1. Grid Functions and Periodicity
We will present two equivalent views of what discrete periodic functions are. In different situations one encounters these different views so it is good to have thought about them.
1.A. Finite Grids and Grid Functions:
A grid of size n is a set of n equally spaced points on the line. We can label (number) the points of the grid as 0, 1, 2, ..., n-1 and we will refer to this grid as G[n] (read [n] as a superscript).
A grid function is a function that has values at the points of a grid. In other words a grid function is a set of n numbers, one assigned to each grid point. A grid function will then be a set of n numbers u = {u(0),u(1),...u(n-1)}. We will consider complex functions u where each u(i) is a complex number. Clearly real functions are a special case. The set of all grid functions on G[n] is the n-dimensional vector space C[n] of complex n-component vectors.
1.B. Periodic Grids and Periodic Functions:
A periodic grid of period n is an infinite set of points which repeat consecutively after every n. Thus we might describe it as a set of points labeled as: ...., n-2, n-1, 0, 1, 2, ...., n-2, n-1 ,0, 1, 2, ......
The best example is a clock: after you reach 12 you return to 1,2,..... Other names for a periodic grid are a ring or a torus.
A periodic function U on a periodic grid of period n is an infinite set of numbers, one for each grid point, which has the same value at the "same point". Thus there are only n distinct values: .., U(n-2), U(n-1), U(0), U(1), U(2), ..., U(n-2), U(n-1), U(0), U(1),U(2),...

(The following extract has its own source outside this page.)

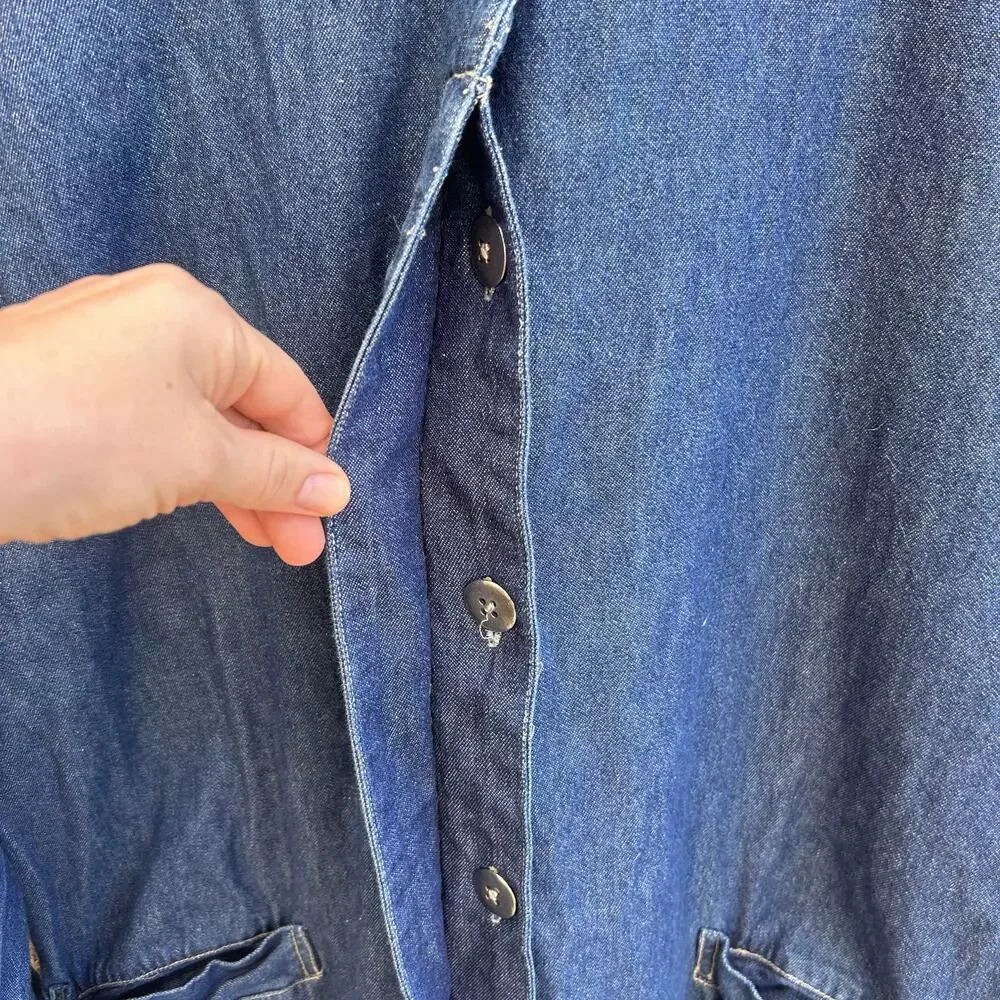 ON HOLD - Long Denim Duster Jacket Vtg y2k - Picture 5 of 5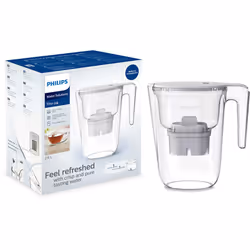 Philips AWP2935WHT/10 filtre à eau Filtre à eau pour carafe 2,6 L Transparent, Blanc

In other words a periodic function on a grid G[n] of period n is an infinite set of numbers U={U(i)} with the property that:
U(i) = U(i pmod n ), for any i.
Here the pmod function is the modulo (remainder) function defined by:
Let i = cn + r, with c integer and 0<=r<n. Then i pmod n = r.
Note that the % operator in C (i%n) and the Fortran mod() function (mod(i,n)) do not satisfy this definition if i is negative - so be careful when writing code in either language.
Since the values taken by U are just a repeat of the values of the grid function of size n: u={U(0),..U(n-1)}, we usually identify the two and use the name u for U.
Example of a periodic function:
Define U(i) = sin(2*pi*i/n), -inf < i < inf,
If i = cn + r, as above, with c an integer, then sin(2*pi*i/n) = sin(2*pi*c + 2*pi*r/n) = sin(2*pi*r/n) since adding a multiple of 2*pi does not change the sine of an angle. This shows that U(i) really only takes n distinct values: U(0), ..., U(n-1) and otherwise simple repeats these forever.
1.C. Extending Grid Functions to Periodic Functions:
Given any grid function u={u(0),...,u(n-1)} on G[n] we can imagine extending the set to an infinite set of numbers U, indexed from -infinity to +infinity, by defining: U(i) = u(i pmod n).
Then the set of numbers U is a periodic grid function of period n. We will frequently do this, and sometimes not even say we are doing it. Furthermore we'll typically use the same name for either function.
2. Complex Vector Spaces
2.1 Scalars:
We will consider vectors whose elements are taken from either the set of all real numbers (R) or the set of all complex numbers (C). The quantities from this space of elements are called scalars, and we denote the space of scalars by S. We use * to denote complex conjugate. If s = a+ib, then s* = a-ib. Of course if the scalars S = R then s* = s since they are real.
2.2: Vectors:
For vector spaces, read Halmos, "Finite Dimensional Vector Spaces", or any of 1000 other sources. Here is a quick review.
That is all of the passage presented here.